Education and language

Finally, the words we use to explain authentication matter. Newer methods like passkeys or WebAuthn can sound technical and intimidating if presented in jargon-heavy language. Similarly, even familiar terms like “token” or “factor” may confuse users who aren’t security professionals. Using plain language—“sign in with your device’s face recognition,” or “click the link we send to your email”—helps reduce barriers. Providing short, simple explanations alongside options empowers users to make informed choices without being overwhelmed. Clear error messages, concise instructions, and culturally sensitive translations all contribute to making the process understandable to a wide audience.

A Practical Accessible Authentication Stack

Here are our examples of what makes accessible authentication:

Provide at least one option that does not require memory or transcription.

Every authentication system should offer a way to log in that does not require remembering or transcribing information. Modern implementations of this principle include Apple’s passkeys and Google’s passkey adoption across accounts. Apple users can authenticate with Face ID, Touch ID, or a device PIN—all of which are built into iOS and macOS accessibility features. Google similarly allows passkey sign-in across devices, reducing reliance on typed passwords. For users who cannot manage complex text entry, email-based magic links (used by Slack, Medium, and Notion) provide a one-click way to access accounts that aligns with WCAG’s “Accessible Authentication” success criteria.

Support paste, autofill, and password managers for traditional fields.

Blocking paste or disabling browser autofill directly conflicts with accessibility requirements. Apple’s Safari and iCloud Keychain, Google Chrome’s password manager, and Microsoft Edge all provide secure, integrated autofill experiences. By designing input fields to allow paste and autocomplete attributes, services like GitHub and Twitter (X) make it easy for users to insert long, complex credentials with assistive technology or password managers. This approach removes barriers for users with cognitive or motor impairments.

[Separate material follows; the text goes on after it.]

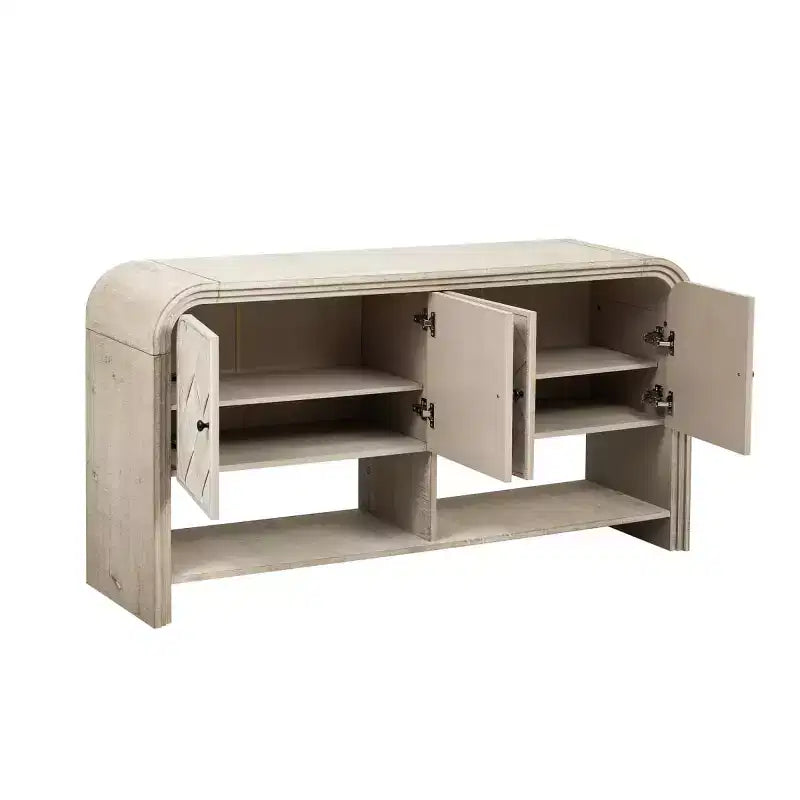 Console de rangement moderne 60" avec tiroirs, table d'entrée à coins arrondis pour couloir ou salon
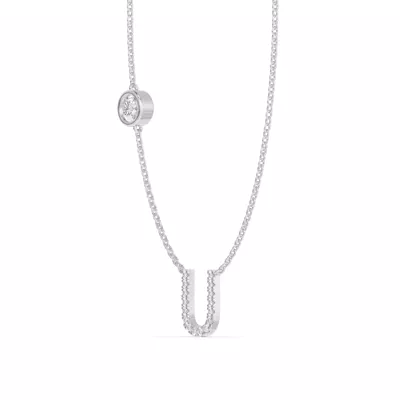 Bezel Lab Diamond Pavé Initial Necklace - U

Offer multiple two-factor authentication methods.

Single-channel two-factor authentication often excludes users. Google leads by example, offering a wide spectrum of second factors: app-based codes, SMS, push notifications, and security keys. Microsoft 365 allows both authenticator app notifications and phone calls as alternatives, supporting users who may struggle with time-based codes. By contrast, services that only permit SMS codes risk excluding users with unreliable mobile coverage, vision impairments, or difficulty entering short-lived codes. The lesson is clear: accessibility improves when users can choose the factor that works for them.

Validate the entire experience with assistive technology.

Ensure you’ve tested your authentication, preferably with real users. Apple regularly showcases how Face ID integrates with VoiceOver, ensuring blind users receive audio prompts during biometric authentication. Google’s accessibility engineering team publishes guidance on testing login experiences with screen readers such as TalkBack and NVDA. These efforts highlight that real-world testing uncovers issues that standards alone cannot—for example, unlabeled buttons, timers that aren’t announced, or error messages that vanish too quickly for a screen reader to catch. Organizations should conduct similar AT-based validation before rolling out login updates.

Design account recovery with inclusivity in mind.

Account recovery is often the weakest link for accessibility. Google provides layered recovery options—backup codes, recovery email addresses, phone verification, or passkeys—so no single path becomes a barrier. Apple ID recovery includes trusted devices and recovery contacts, which can be set up in advance and accessed if the primary method fails. These real-world implementations show that inclusive recovery is possible and should be prioritized. Systems that still rely on inaccessible CAPTCHAs or obscure “security questions” not only frustrate users but also violate modern accessibility principles.

Together, these practices create an authentication system that is both secure and inclusive. They also demonstrate that accessibility is not hypothetical: the world’s largest platforms have already embedded these recommendations into their design.